▸ **Exercise details**
Give the lines below again exactly, starting with the line that holds "5 Little Ducks" and going on through the line that holds "Stella McCartney Women's".

----------

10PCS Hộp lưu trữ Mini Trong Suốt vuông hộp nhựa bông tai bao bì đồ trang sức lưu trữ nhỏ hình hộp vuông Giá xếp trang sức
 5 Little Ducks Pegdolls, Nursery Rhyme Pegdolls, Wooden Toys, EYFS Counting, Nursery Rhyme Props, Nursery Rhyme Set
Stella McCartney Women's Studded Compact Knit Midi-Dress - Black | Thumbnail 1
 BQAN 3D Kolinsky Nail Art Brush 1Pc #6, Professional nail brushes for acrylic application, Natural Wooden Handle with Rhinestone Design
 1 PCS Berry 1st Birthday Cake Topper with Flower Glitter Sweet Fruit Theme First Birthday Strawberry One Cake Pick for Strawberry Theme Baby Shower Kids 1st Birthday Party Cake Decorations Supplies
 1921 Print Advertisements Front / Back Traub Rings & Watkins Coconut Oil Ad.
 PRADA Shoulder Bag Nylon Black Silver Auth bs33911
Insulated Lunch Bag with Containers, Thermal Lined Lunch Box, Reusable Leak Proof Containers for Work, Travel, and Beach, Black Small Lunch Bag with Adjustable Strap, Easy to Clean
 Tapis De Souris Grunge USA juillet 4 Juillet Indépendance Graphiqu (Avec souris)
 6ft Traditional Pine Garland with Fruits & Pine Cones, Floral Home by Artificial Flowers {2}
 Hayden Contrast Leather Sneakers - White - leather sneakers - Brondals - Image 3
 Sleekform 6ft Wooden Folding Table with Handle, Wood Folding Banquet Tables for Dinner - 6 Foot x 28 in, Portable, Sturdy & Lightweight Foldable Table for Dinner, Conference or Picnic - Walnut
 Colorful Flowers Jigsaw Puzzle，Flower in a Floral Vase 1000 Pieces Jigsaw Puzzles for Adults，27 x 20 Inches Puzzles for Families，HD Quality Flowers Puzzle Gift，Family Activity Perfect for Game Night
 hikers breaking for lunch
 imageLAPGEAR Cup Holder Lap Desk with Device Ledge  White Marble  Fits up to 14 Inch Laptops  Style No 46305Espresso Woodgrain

----------

▸ **Result for this task**
 5 Little Ducks Pegdolls, Nursery Rhyme Pegdolls, Wooden Toys, EYFS Counting, Nursery Rhyme Props, Nursery Rhyme Set
Stella McCartney Women's Studded Compact Knit Midi-Dress - Black | Thumbnail 1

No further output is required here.